Hector’s eldest son, Robert Munro, eighteenth chief of Foulis, styled “the Black Baron,” was the first of his house who engaged in the religious wars of Gustavus Adolphus, in the 17th century. In 1626 he went over with the Scottish corps of Sir Donald Mackay, first Lord Reay, accompanied by six other officers of his name and near kindred. Doddridge says of him, that “the worthy Scottish gentleman was so struck with a regard to the common cause, in which he himself had no concern but what piety and virtue gave him, that he joined Gustavus with a great number of his friends who bore his own name. Many of them gained great reputation in this war, and that of Robert, their leader, was so eminent that he was made colonel of two regiments at the same time, the one of horse, the other of foot in that service.” In 1629 the laird of Foulis raised a reinforcement of 700 men on his own lands, and at a later period joined Gustavus with them. The officers of Mackay’s and Munro’s Highland regiments who served under Gustavus Adolphus, in addition to rich buttons, wore a gold chain round their necks, to secure the owner, in case of being wounded or taken prisoner, good treatment, or payment for future ransom. In the service of Gustavus, there were at one time not less than “three generals, eight colonels, five lieutenant-colonels, eleven majors, and above thirty captains, all of the name of Munro, besides a great number of subalterns.”
The “Black Baron” died at Ulm, from a wound in his foot, in the year 1633, and leaving no male issue, he was succeeded by his brother, Hector Munro, nineteenth baron of Foulis, who had also distinguished himself in the German wars, and who, on his return to Britain, was created by Charles I. a baronet of Nova Scotia, 7th June 1634. He married Mary, daughter of Hugh Mackay of Farr, and dying in 1635, in Germany, was succeeded by his only son, Sir Hector, second baronet, who died, unmarried, in 1651, at the age of 17. The title and property devolved on his cousin, Robert Munro of Opisdale, grandson of George, third son of the fifteenth baron of Foulis.
During the civil wars at home, when Charles I. called to his aid some of the veteran officers who had served in Germany, this Colonel Robert Munro was one of them. He was employed chiefly in Ireland from 1641 to 1645, when he was surprised and taken prisoner personally by General Monk. He was subsequently lieutenant-general of the royalist troops in Scotland, when he fought a duel with the Earl of Glencairn. Afterwards he joined Charles II. in Holland. After the Revolution he was appointed commander-in-chief of the forces in Scotland.
Sir Robert Munro, third baronet of Foulis, died in 1688, and was succeeded by his eldest son, Sir John, fourth baronet, who, in the Scottish convention of estates, proved himself to be a firm supporter of the Revolution. He was such a strenuous advocate of Presbyterianism, that, being a man of large frame, he was usually called “the Presbyterian mortar-piece.” In the Stuart persecutions, previous to his succession to the title, he had, for his adherence to the covenant, been both fined and imprisoned by the tyrannical government that then ruled in Scotland.
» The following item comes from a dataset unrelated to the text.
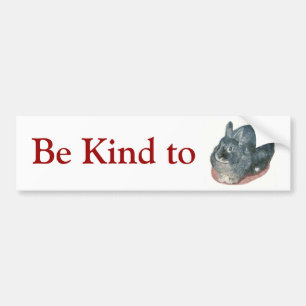Gray Wooly Rabbit Bumpersticker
He died in 1696. His son, Sir Robert, fifth baronet, though blind, was appointed by George I. high sheriff of Ross, by commission, under the great seal, dated 9th June 1725. He married Jean, daughter of John Forbes of Culloden, and died in 1729.
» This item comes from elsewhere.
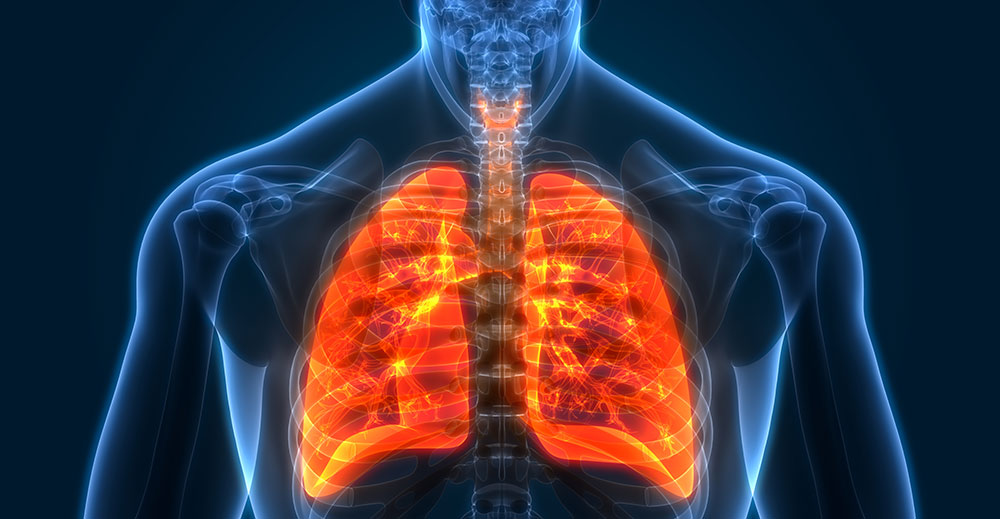 Thoracic Medicine | Specialities & Treatments at Parkside Suite Frimley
His eldest son, Sir Robert, twenty-seventh baron and sixth baronet of Foulis, a gallant military officer, was the companion in arms of Colonel Gardiner, and fell at the battle of Falkirk, 17th January 1746.
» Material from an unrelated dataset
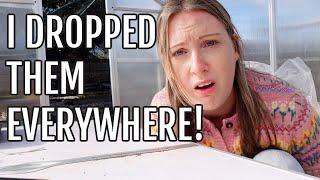 I DROPPED IT EVERYWHERE! / ALLOTMENT GARDENING UK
In May 1740, when the Independent companies were formed into the 43d Highland regiment (now the 42d Royal Highlanders), Sir Robert Munro was appointed lieutenant-colonel, John Earl of Crawford and Lindsay being its colonel. Among the captains were his next brother, George Munro of Culcairn, and John Munro, promoted to be lieutenant-colonel in 1745. The surgeon of the regiment was his youngest brother, Dr James Munro.[215]